We calculated the mean level of DHEAS and functional performance measures in 1996–1997 and 2005–2006 and the mean change over 9 years. We tested for a difference between men and women in baseline, follow-up, and change in mean DHEAS or functional performance using the Wilcoxon–Mann–Whitney test. Next, we categorized DHEAS change as less than 33%, 33%–66%, or more than 66% and calculated the mean functional performance decline in each category. We used linear regression to test the association of concurrent DHEAS decline as an independent variable with functional performance decline as the dependent variable. Models were adjusted for baseline (1996–1997) covariates. Model 1 included age (centered at the baseline mean 76.3 years), race, and smoking. Model 2 included covariates in Model 1 and additionally BMI, total cholesterol, total number of medications, hypertension, kidney disease, chronic pulmonary disease, cerebrovascular disease, coronary heart disease, diabetes, arthritis, cancer, and depression. Model 3 included covariates in Model 2 and additionally baseline DHEAS. Standardized regression coefficients were calculated. We tested for an interaction between gender and DHEAS in all models. We found significant interaction (p < .05) between gender and DHEAS in some models, so we stratified all models by gender for ease of interpretation. Stratification did not alter the magnitude or significance of the results despite the smaller sample size in each stratum. For comparability to previous studies, we were also interested to see if baseline DHEAS was associated with baseline functional performance or if baseline DHEAS was associated with functional decline. To study these associations, we repeated the above model schemes using only baseline DHEAS as the independent variable and either baseline function or functional decline as dependent variables. For all analyses, we used a significance level of p < .05 and SAS 9.2 (SAS Institute, Cary, NC).
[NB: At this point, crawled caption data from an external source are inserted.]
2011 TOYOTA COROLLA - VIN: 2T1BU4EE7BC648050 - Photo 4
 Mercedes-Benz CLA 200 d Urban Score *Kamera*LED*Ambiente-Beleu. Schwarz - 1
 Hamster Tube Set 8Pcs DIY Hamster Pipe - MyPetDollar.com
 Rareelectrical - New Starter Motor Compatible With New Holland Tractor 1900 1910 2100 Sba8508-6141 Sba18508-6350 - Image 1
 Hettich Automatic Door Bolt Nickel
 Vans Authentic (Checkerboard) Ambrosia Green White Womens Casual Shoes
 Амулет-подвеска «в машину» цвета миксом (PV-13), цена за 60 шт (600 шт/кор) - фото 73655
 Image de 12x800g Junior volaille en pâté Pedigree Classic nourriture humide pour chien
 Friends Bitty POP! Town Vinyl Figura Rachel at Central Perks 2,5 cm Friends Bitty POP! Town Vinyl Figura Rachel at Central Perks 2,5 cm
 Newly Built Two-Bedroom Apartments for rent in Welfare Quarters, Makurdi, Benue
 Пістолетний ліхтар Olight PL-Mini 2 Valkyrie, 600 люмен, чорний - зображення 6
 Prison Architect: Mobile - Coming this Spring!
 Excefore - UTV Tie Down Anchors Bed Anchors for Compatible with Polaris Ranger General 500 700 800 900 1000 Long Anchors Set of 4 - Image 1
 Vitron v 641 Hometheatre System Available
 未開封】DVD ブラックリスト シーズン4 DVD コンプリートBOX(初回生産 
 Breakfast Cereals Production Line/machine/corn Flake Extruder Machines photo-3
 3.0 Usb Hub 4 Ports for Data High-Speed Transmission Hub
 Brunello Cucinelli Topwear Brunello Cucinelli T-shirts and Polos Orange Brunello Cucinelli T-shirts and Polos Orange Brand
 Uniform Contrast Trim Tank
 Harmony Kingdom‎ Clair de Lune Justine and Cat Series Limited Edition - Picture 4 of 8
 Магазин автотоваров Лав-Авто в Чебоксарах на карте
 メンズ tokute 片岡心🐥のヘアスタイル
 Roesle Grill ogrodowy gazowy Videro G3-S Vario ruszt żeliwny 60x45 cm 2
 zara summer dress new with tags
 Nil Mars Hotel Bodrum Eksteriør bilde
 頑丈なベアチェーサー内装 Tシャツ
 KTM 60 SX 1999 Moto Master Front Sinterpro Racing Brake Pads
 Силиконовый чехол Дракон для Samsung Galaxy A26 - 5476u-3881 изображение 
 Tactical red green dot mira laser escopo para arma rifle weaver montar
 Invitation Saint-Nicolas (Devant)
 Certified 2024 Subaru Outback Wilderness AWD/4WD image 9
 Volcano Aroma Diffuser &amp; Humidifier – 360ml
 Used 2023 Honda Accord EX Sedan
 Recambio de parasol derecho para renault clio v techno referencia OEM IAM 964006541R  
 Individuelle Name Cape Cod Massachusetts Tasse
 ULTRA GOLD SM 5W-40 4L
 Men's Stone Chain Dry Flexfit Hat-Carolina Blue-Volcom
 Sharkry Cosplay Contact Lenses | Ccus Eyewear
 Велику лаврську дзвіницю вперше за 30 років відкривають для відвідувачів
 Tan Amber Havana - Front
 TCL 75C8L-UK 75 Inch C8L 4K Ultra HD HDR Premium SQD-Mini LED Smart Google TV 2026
In 1996–1997, our sample was 63.5% women and 16.5% African American, and the M (SD) age was 76.3 (3.6) years. Baseline characteristics of the study population are presented in Table 1. DHEAS level in 1996–1997 and 2005–2006 and DHEAS decline were significantly greater in men versus women (Table 2). At baseline and follow-up, men had significantly faster gait speed, greater grip strength, and lower DSST score compared with women. 3MSE score was similar between genders at baseline and follow-up. Physical and cognitive performance decline were equivalent between genders except for grip strength, which declined more in men. Gait speed (p < .0001) and DSST score (p = .0001) appeared to decline significantly more with greater DHEAS decline in women, and grip strength (p = .02) appeared to decline significantly more with greater DHEAS decline in men (Table 3).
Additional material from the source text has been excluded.